▶ **Assignment**:
Beginning with the line that holds "こうだい仮想通貨×web30 On Twitter" and ending with the last line of the entries, please output each line exactly, apart from any pictures.

[Short descriptive text snippets]
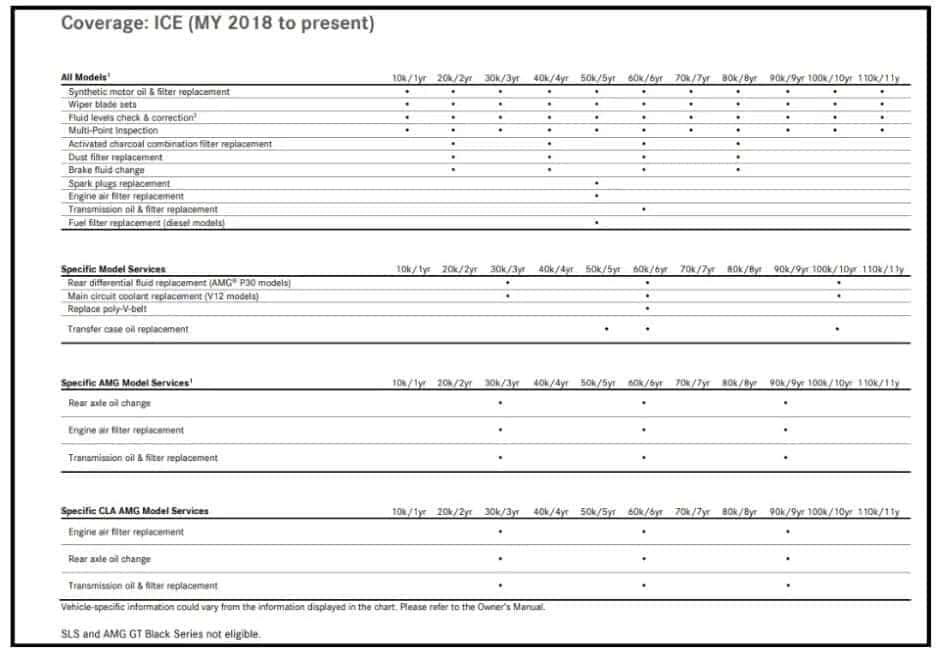 Pre Paid Maintenance chart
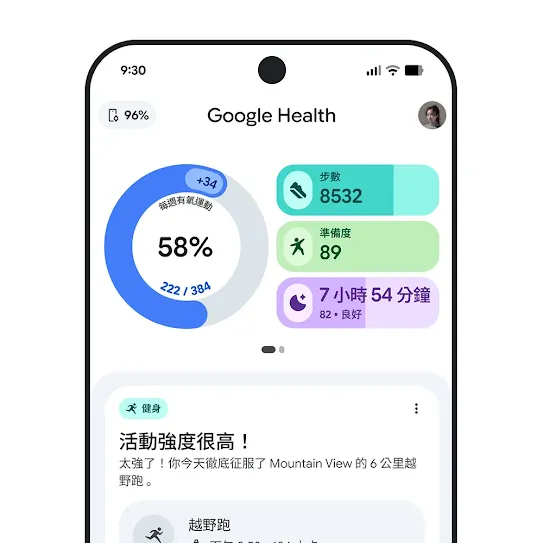 智慧型手機螢幕上的 Google Health 應用程式畫面，顯示運動摘要。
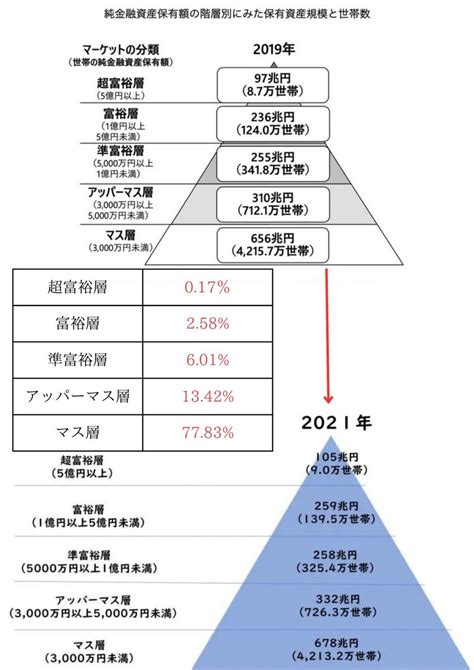 こうだい仮想通貨×web30 On Twitter 「あなたはどこ？」金持ちピラミッドが2年ぶりに更新。 ①準富裕層以上の世帯数が1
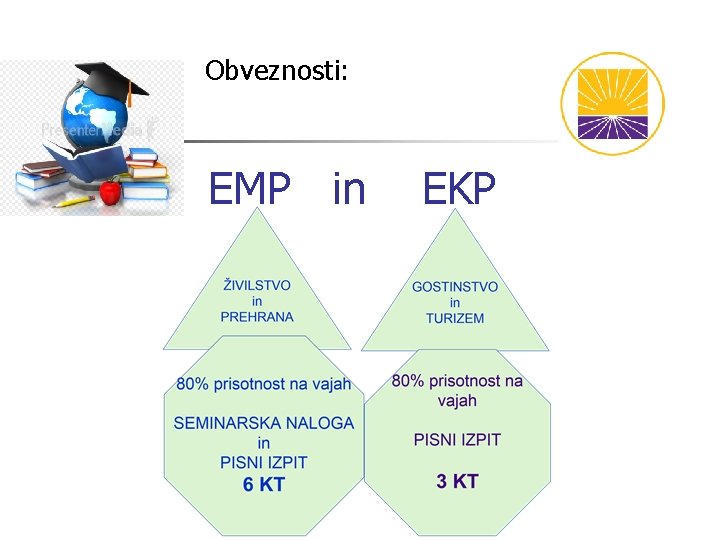 Obveznosti: EMP in EKP 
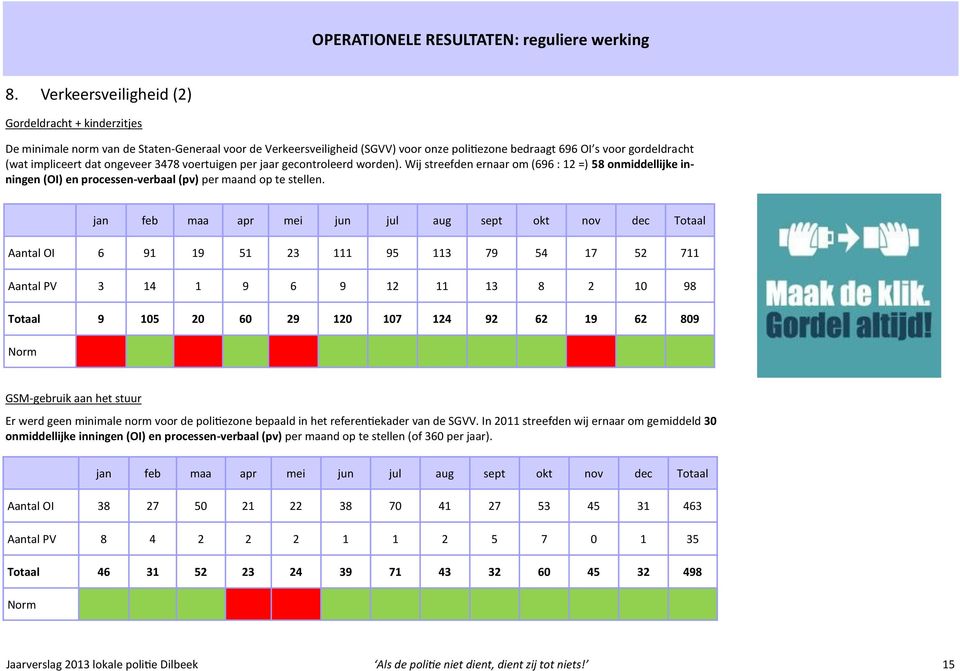 dat ongeveer 3478 voertuigen per jaar gecontroleerd worden). Wij streefden ernaar om (696 : 12 =) 58 onmiddellijke inningen (OI) en processen-verbaal (pv) per maand op te stellen.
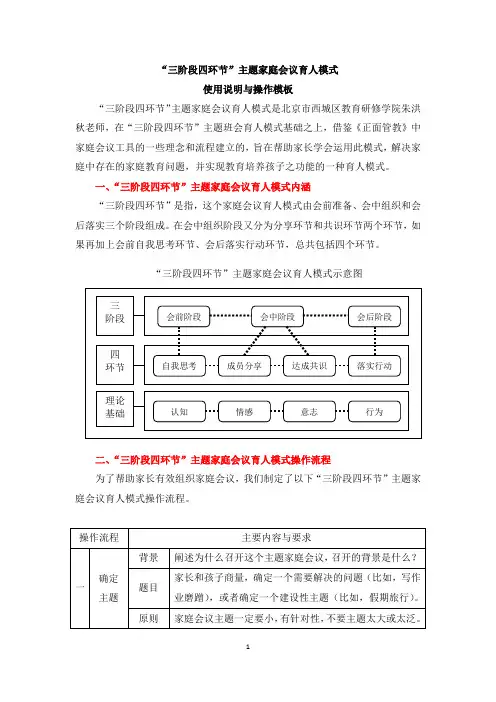 家庭会议模板学习材料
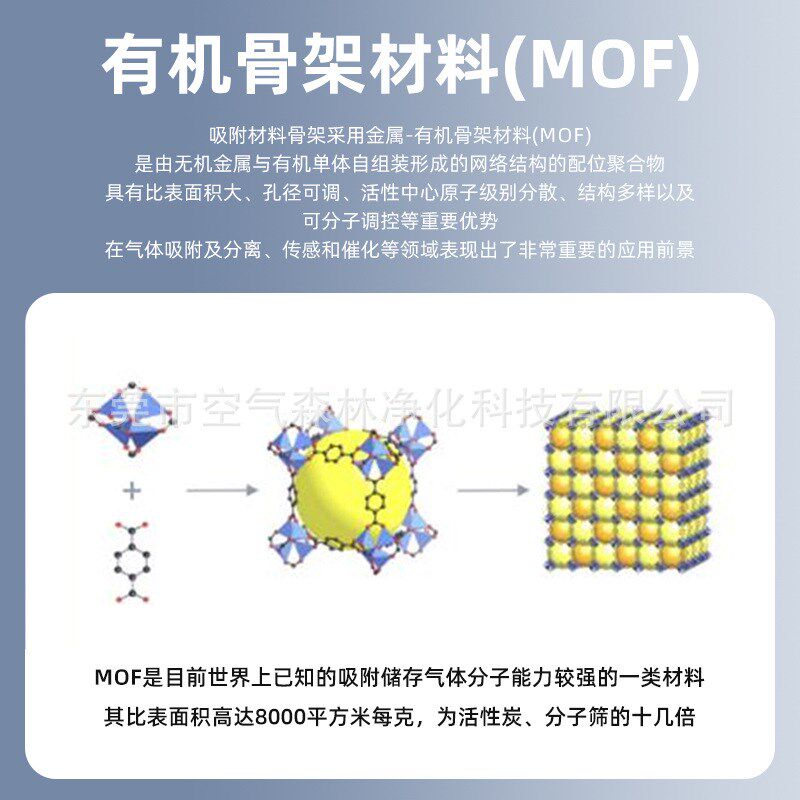 夹炭布过滤器 除酸碱VOC风柜t过滤器 AHU EFU FFU活性炭化学过滤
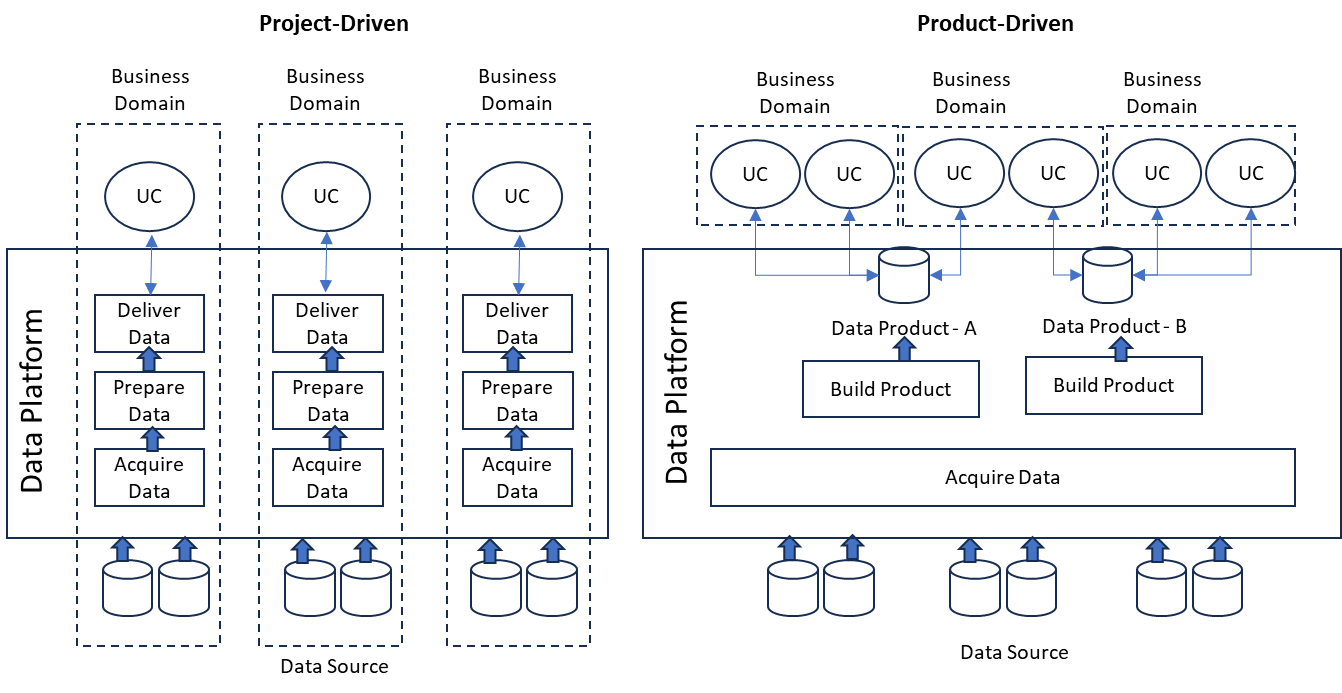A diagram of a diagram

Description automatically generated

▶ **Response to the exercise**:
 こうだい仮想通貨×web30 On Twitter 「あなたはどこ？」金持ちピラミッドが2年ぶりに更新。 ①準富裕層以上の世帯数が1
 Obveznosti: EMP in EKP 
 dat ongeveer 3478 voertuigen per jaar gecontroleerd worden). Wij streefden ernaar om (696 : 12 =) 58 onmiddellijke inningen (OI) en processen-verbaal (pv) per maand op te stellen.
 家庭会议模板学习材料
 夹炭布过滤器 除酸碱VOC风柜t过滤器 AHU EFU FFU活性炭化学过滤
A diagram of a diagram

Description automatically generated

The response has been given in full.